Dalla presentazione di Cibus, critiche alla futura Food Tax.

Il settore alimentare italiano nel 2011 ha vissuto un anno di grandi difficoltà: i consumi interni hanno registrato una flessione di 8 punti, la produzione di circa un punto e mezzo. Nonostante questo, uno dei comparti più importanti del paese, composto da 6500 medie e piccole imprese (130 miliardi di euro di fatturato, circa l’8,1% del PIL) cha da lavoro a più di 400mila persone, cerca di guardare con ottimismo al futuro, soprattutto alla luce di un dato positivo: l’export. Questa la voce del settore che è cresciuta a doppia cifra (+10,3%) nel 2011 e, non a caso, alla sedicesima edizione di Cibus, il Salone internazionale dell’alimentazione, che partirà a Parma il 7 maggio per terminare il 10, le prenotazioni dei buyers provenienti dai paesi emergenti così come dei mercati storici registrerà il tutto esaurito, con presenze triplicate rispetto all’ultima edizione.

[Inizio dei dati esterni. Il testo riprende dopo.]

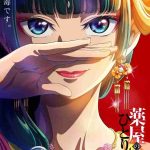 The-Apothecary-Diaries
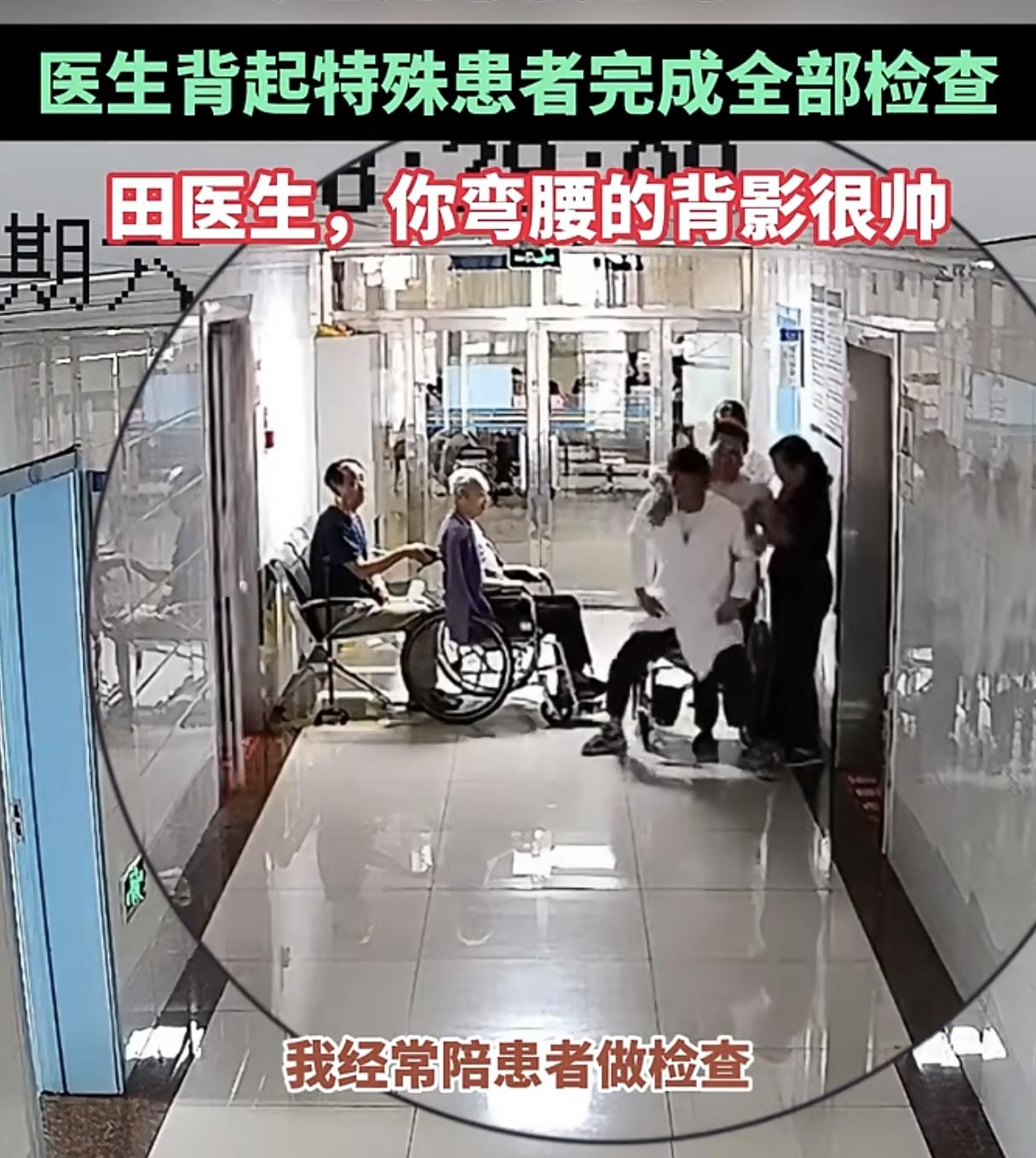 最近，有个医生出名了，他就是临朐县人民医院的影像科田金。他被病人所崇敬，因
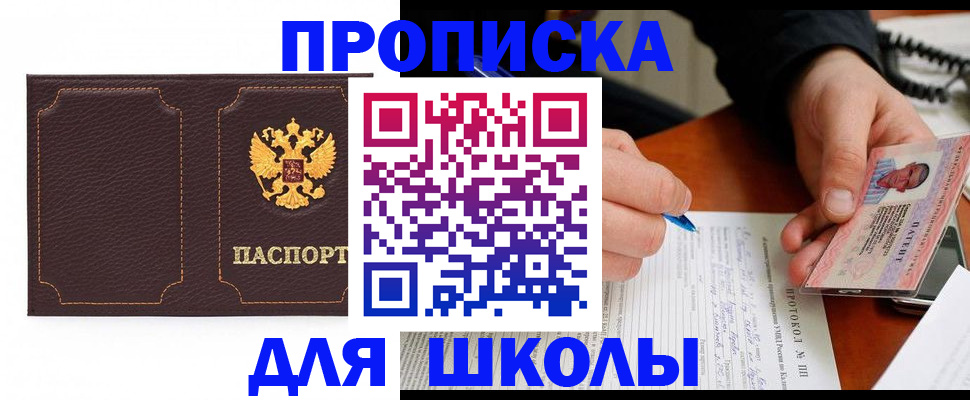 прописка для кредита в Каспийске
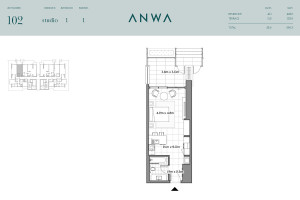 omniyat_anwa_049.jpg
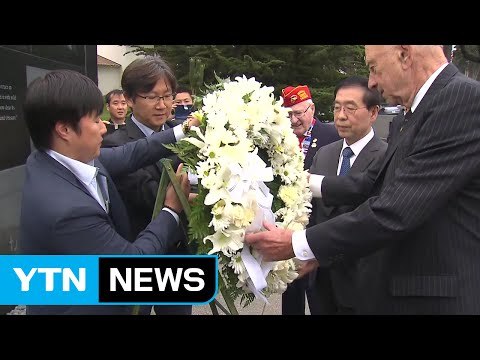 '자매 결연 40주년' 서울·샌프란시스코, 관광 협력 강화 / YTN (Yes! Top News)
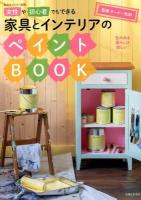 女性や初心者でもできる家具とインテリアのペイントBOOK : 色のある暮らしは楽しい!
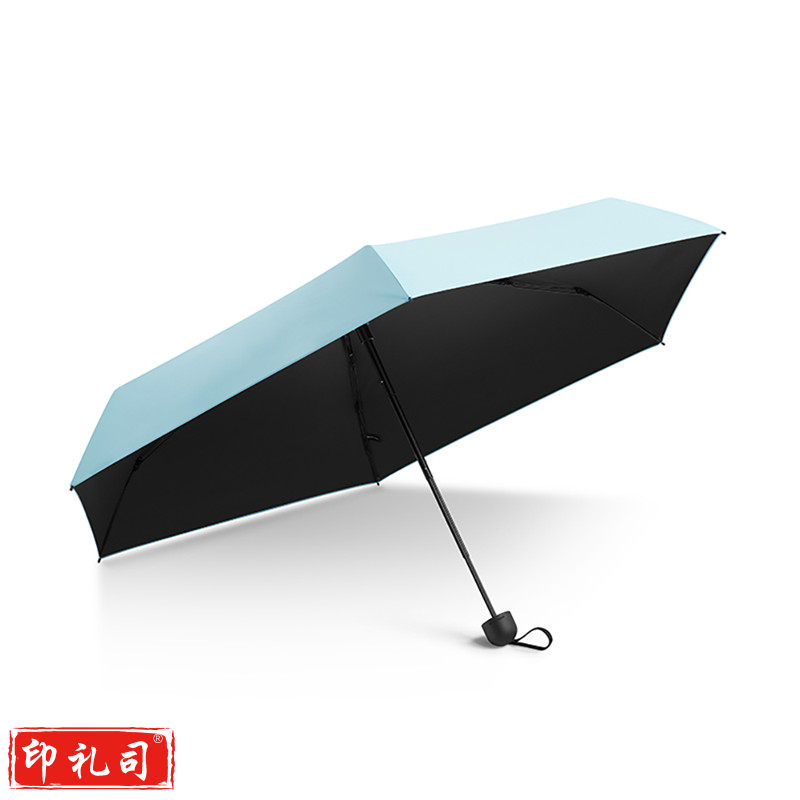 蕉下 静谧蓝 五折伞 口袋系列（件）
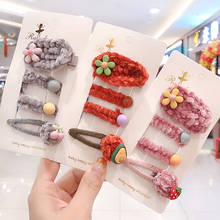 3Pcs/Set Children Cute Colors Flower Fruit Carrot Knitting Plush Hairpins Girls Hollow Waterdrop Hair Clips Kid Hair Accessories 2024 - buy cheap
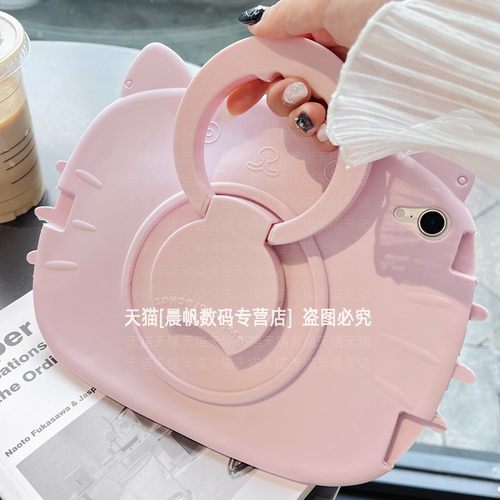 立体卡通全包边加厚防摔支架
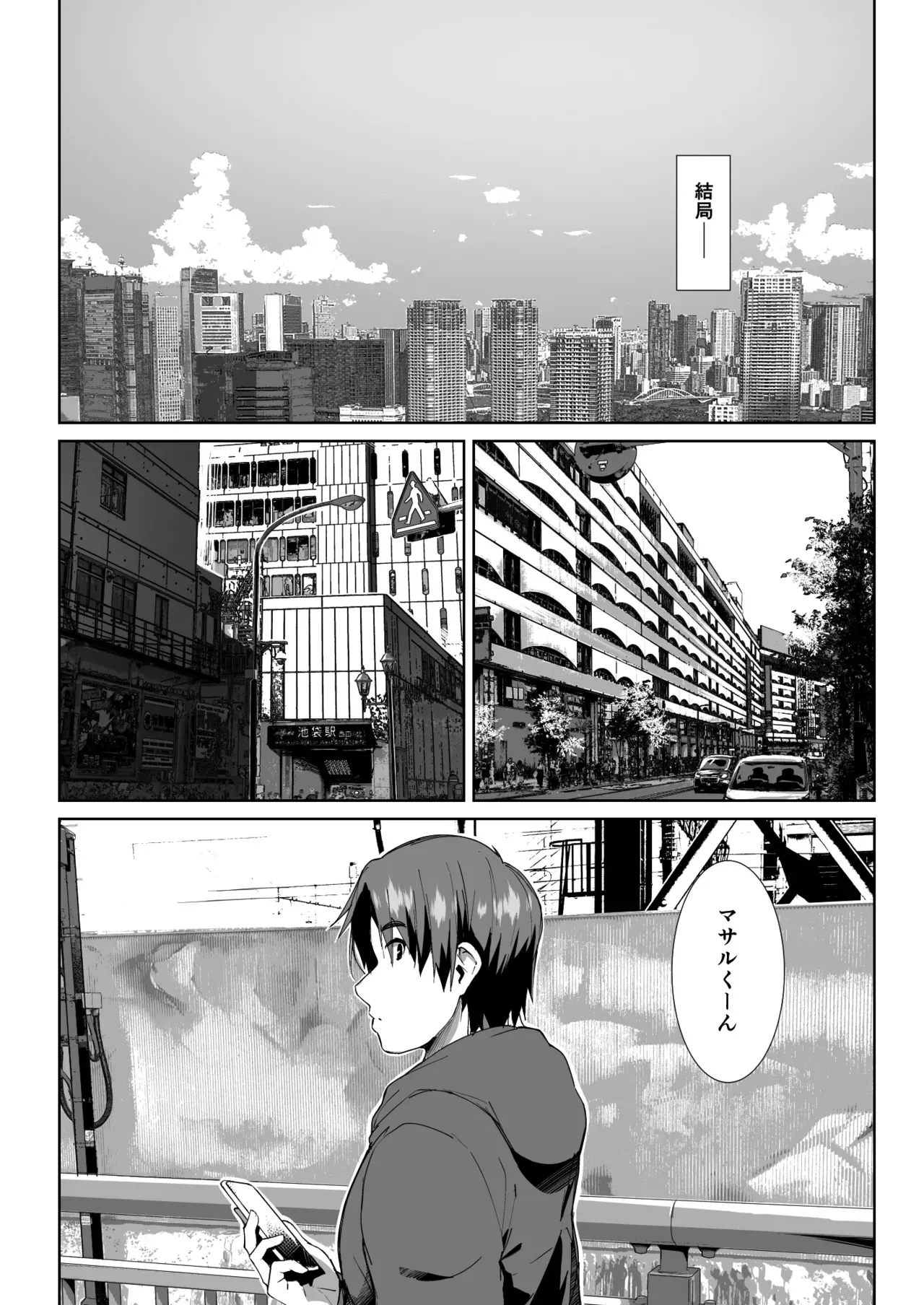 [くろニャン] 義姉に搾られる話 [無修正]_3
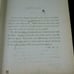Antique Book 1890's, The Bible Story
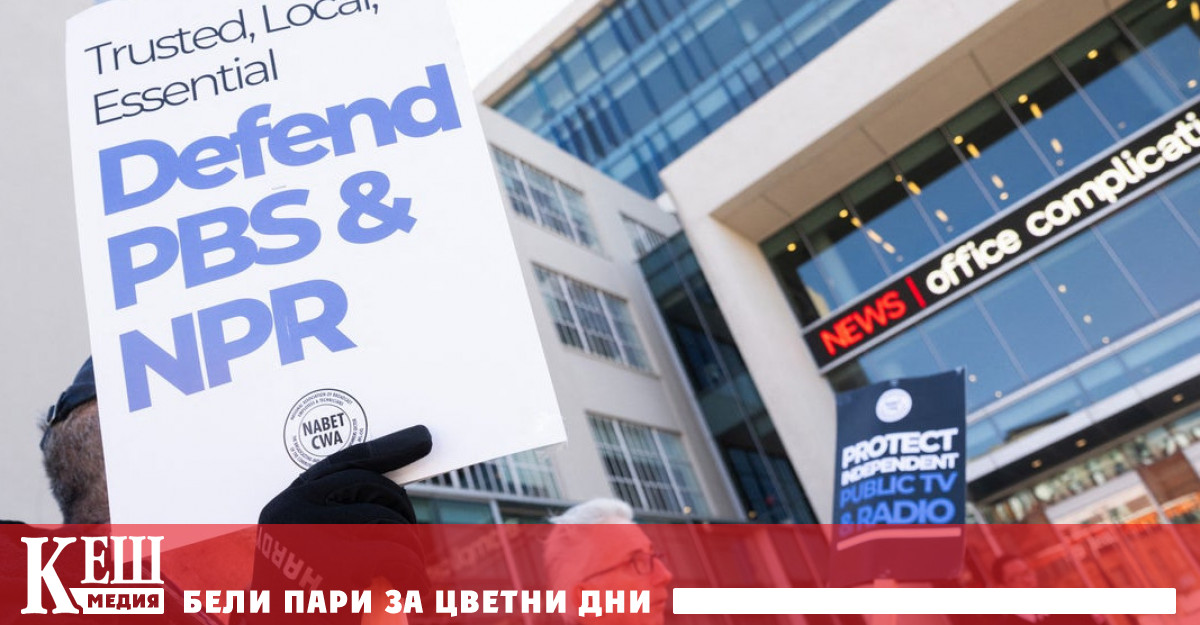 Лишавайки от финансиране двете най големи обществени електронни медии в САЩ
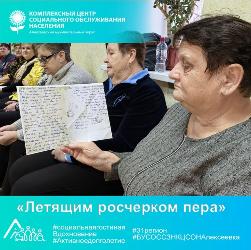 «Летящим росчерком пера» «Летящим росчерком пера»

Alla presentazione milanese di venerdì scorso (presenti Franco Boni, presidente di Fiere di Parma, Filippo Ferrua, presidente di Federalimentare, Elda Ghiretti, Cibus brand Manager, il Prof. Sergio Bernasconi, di Pianeta Nutrizione e Gianpiero Lugli, della facoltà di Economia dell’Università di Parma), non sono mancate, comunque, le critiche alle attuali politiche in tema di alimentazione che provengono dal governo. “Le piccole e medie imprese avranno ulteriori problemi quest’anno; dal futuro aumento dell’IVA che colpirà sia i prodotti che attualmente agiscono nel regime del 10% cos’ come del 21%” – ha affermato Filippo Ferrua, presidente di Federalimentare – “passando per la ventilata Food Tax”. Secondo Ferrua, infatti, anche se inizialmente sarà limitata ad alcolici e superalcolici , rappresenta comunque un segnale negativo. “Noi non l’accettiamo, perché non esistono cibi cattivi, ma cattive abitudini alimentari. È iniqua, perché colpisce le fasce basse della popolazione. Ed è anche dannosa per l’economia, perché crea un marchio di infamia e, considerando che questi prodotti poi dobbiamo esportarli, è veramente contraddittorio”.